Der Druck wächst: Nach Forderungen aus der Politik wollen nun auch viele Hamburger Bürger ein Ende der „Roten Flora“.

11.07.2017, 23:01

Hamburg/Berlin (dpa) l Das linksautonome Zentrum „Rote Flora“ im Hamburger Schanzenviertel gerät nach den Ausschreitungen rund um den G-20-Gipfel immer stärker unter Druck. Nachdem aus der Politik bereits Rufe nach einer Schließung laut geworden sind, tauchen im Internet Petitionen auf, die eine Neuverwendung der „Roten Flora“ als Kindergarten fordern. Bundesinnenminister Thomas de Maizière (CDU) rief dazu auf, dass sich Demonstranten von gewaltsuchenden Chaoten deutlicher distanzieren.

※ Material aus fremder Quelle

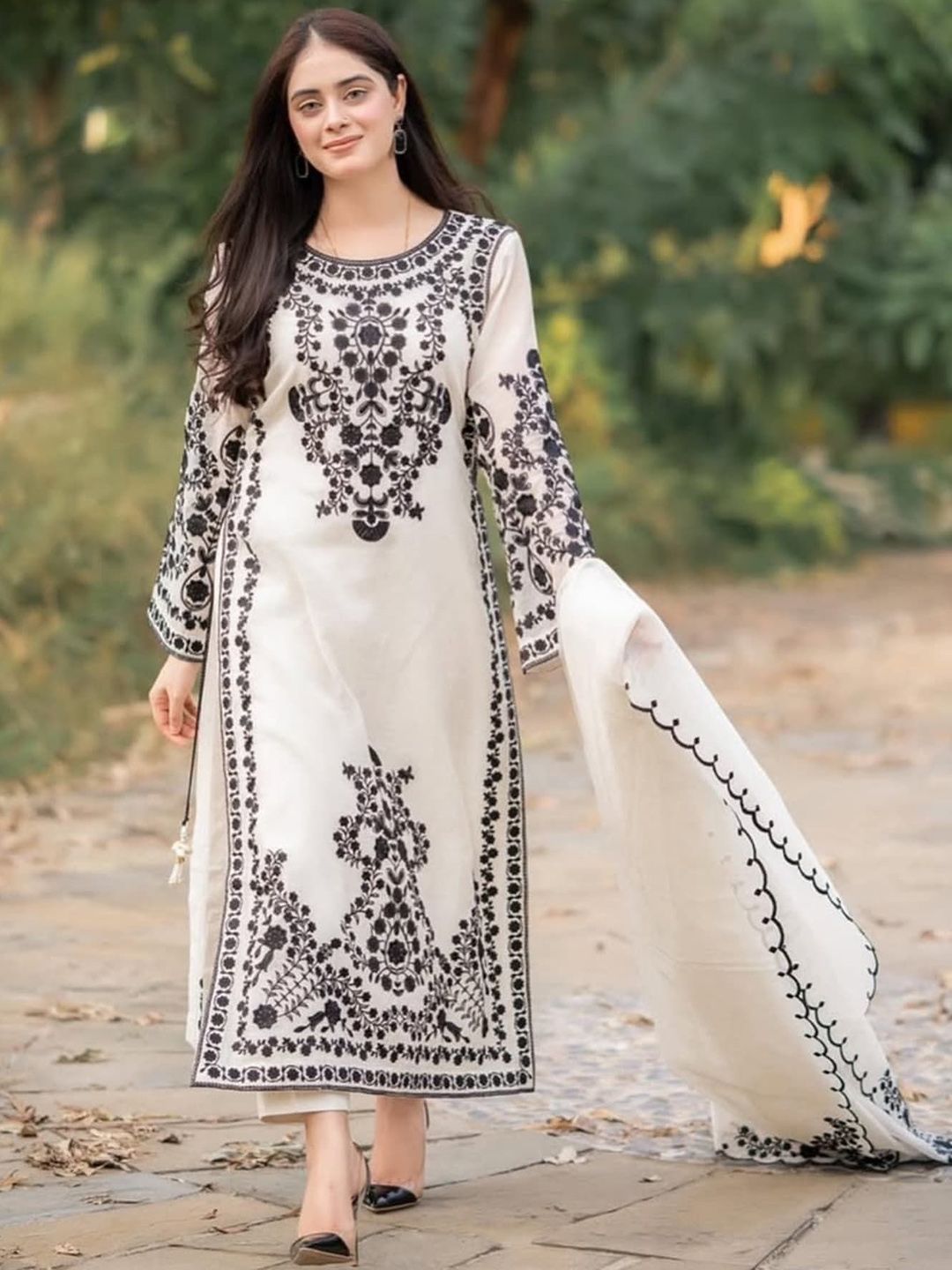 BAESD Women Floral Embroidered Regular Kurta with Trousers & With Dupatta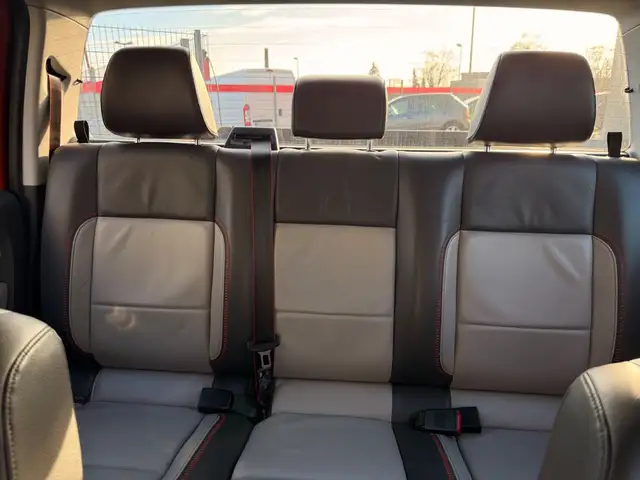 Volkswagen Amarok view 9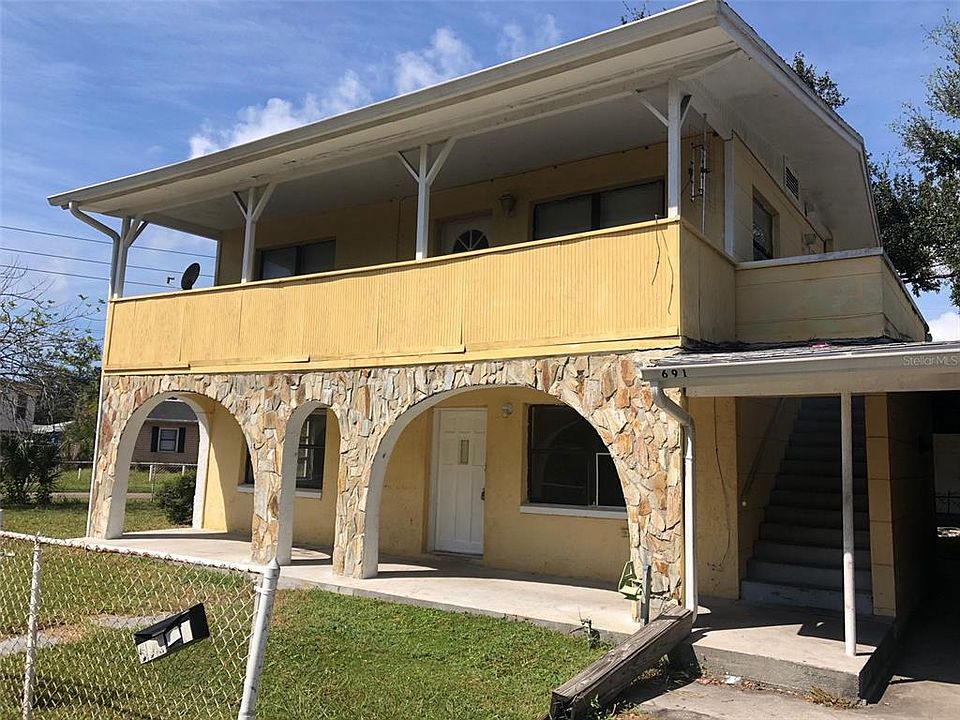 1st image of 691 W HARBOR DRIVE S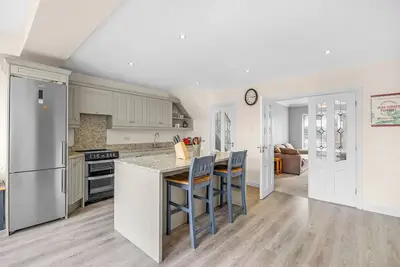 Image de Lovely 3 bed house in leafy Dublin suburb, all amenities included.
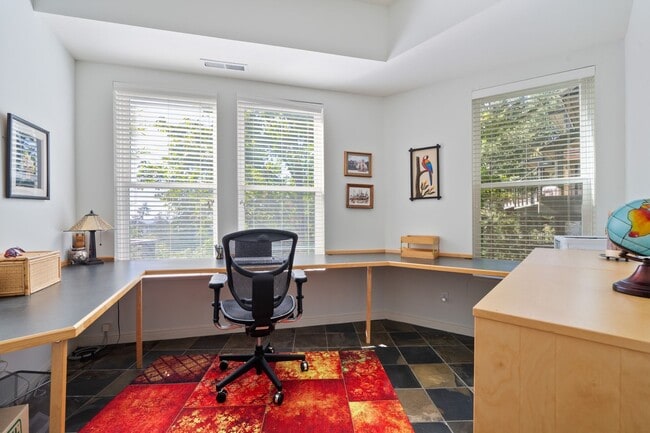 Building Photo - Sleek, spacious 3-bdrm/2.5-bath contemporary in SW Hills. Office, wine cellar, views, near Washin...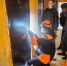 Красноярские спасатели приехали открывать дверь, а помогать пришлось выпавшему из окна мужчине - Газета Красноярский рабочий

„Ich erwarte von jedem Demonstranten, dass er sich von Vermummten fernhält. Jeder Demonstrant, der Vermummten und Chaoten Schutz und Deckung bietet, macht sich mitschuldig“, sagte der CDU-Politiker am Dienstag im hessischen Bad Orb. Er zeigte sich schockiert über das Ausmaß der Gewalt in Hamburg und sprach von „Zerstörungswut mit Plünderungen und Brandschatzungen“. De Maizière betonte: „Wichtig ist dabei, dass man nicht auf dem linken Auge blind ist.“ Es dürfe keine Rückzugsräume für Linksextremisten gebe, sagte er mit Blick auf die Rote Flora.

Eine Online-Petition auf der Plattform „Change.org“, die bis Dienstagmittag bereits von mehr als 5700 Menschen unterzeichnet worden war, wurde vom Initiator allerdings „aus persönlichen Gründen“ zurückgezogen. Ihr Ziel: Aus dem seit bald 30 Jahren besetzten ehemaligen Theater einen Kindergarten oder eine Grundschule zu machen. Grund für den Rückzug sei offenbar, dass der Initiator, der Unternehmer Alexander Tebbe, im Kurznachrichtendienst Twitter angefeindet worden sei, schrieb das „Hamburger Abendblatt“.

Hamburgs Bürgermeister Olaf Scholz (SPD) hat die Existenz des Zentrums infrage gestellt, sich aber gegen einen „Schnellschuss“ ausgesprochen. Das seit fast 30 Jahren besetzte ehemalige Theatergebäude gilt als eines der wichtigsten Zentren der autonomen Szene in Deutschland. Es stand auch hinter der „Welcome to Hell“-Demonstration, bei der es am Donnerstagabend vor Beginn des G-20-Gipfels schon schwere Krawalle gegeben hatte.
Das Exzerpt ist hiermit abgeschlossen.